### Problem details
Exactly the lines below, starting with the one containing "Architecture, church, landmark, marys, myanmar, saint, yangon" and going on through the one containing "Hafele Adjustable Table", must be reproduced, both ends included, and no pictures with them.

### Extracted records
------------------------
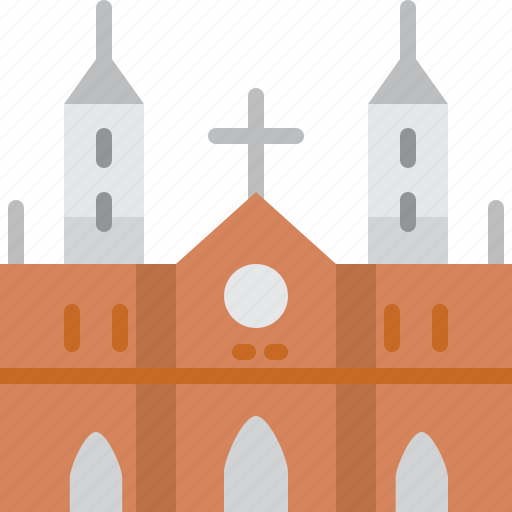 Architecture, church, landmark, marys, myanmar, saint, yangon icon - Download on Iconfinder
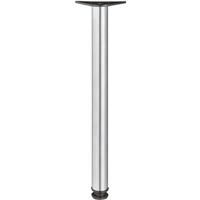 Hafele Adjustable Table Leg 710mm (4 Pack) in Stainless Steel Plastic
------------------------
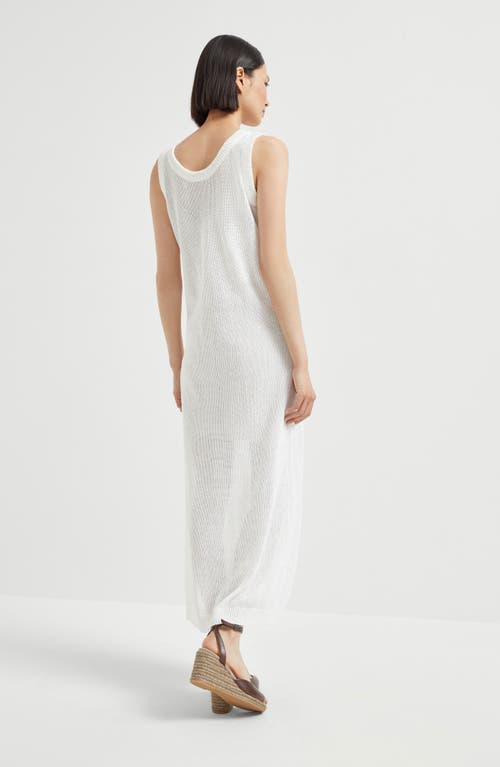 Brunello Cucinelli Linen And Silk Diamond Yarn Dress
------------------------
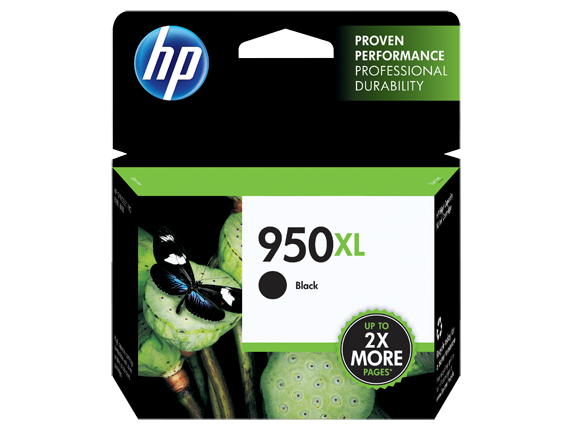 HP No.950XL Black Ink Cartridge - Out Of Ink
------------------------
### Response to the task
 Architecture, church, landmark, marys, myanmar, saint, yangon icon - Download on Iconfinder
 Hafele Adjustable Table Leg 710mm (4 Pack) in Stainless Steel Plastic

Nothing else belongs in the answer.